[Provided data — start]

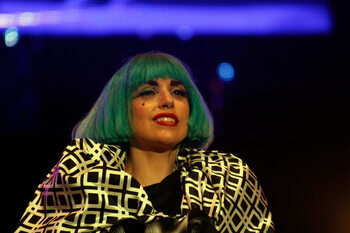 Принти на полотні Lady Gaga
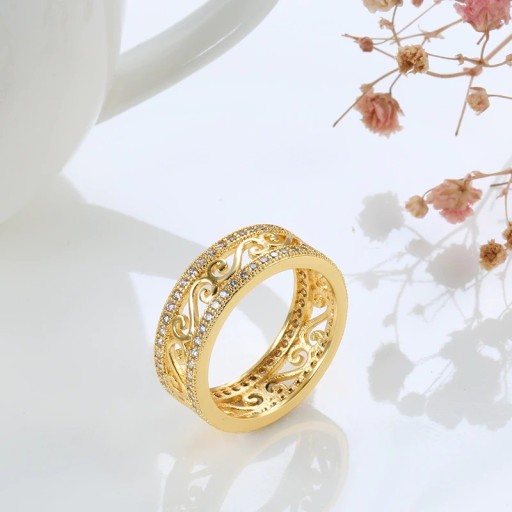 Damesring D2056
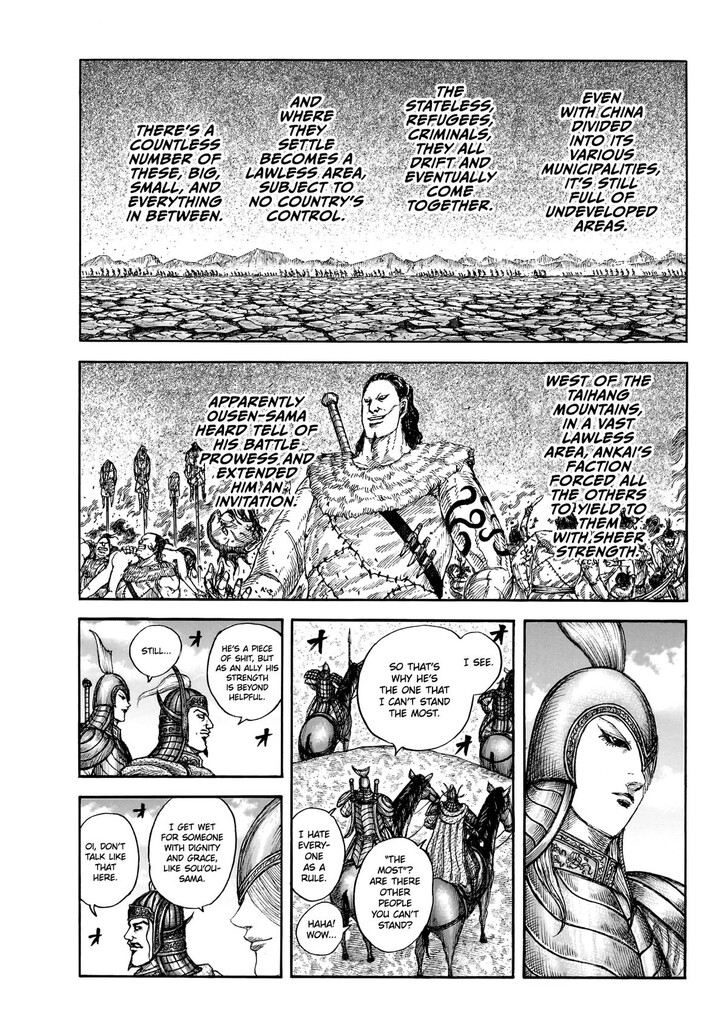 Read Kingdom en Manga Online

[Provided data — finish]

_Problem requirements:_ What is needed is the full material, retyped unchanged, with no pictures in it.

_Result below:_
 Принти на полотні Lady Gaga
 Damesring D2056
 Read Kingdom en Manga Online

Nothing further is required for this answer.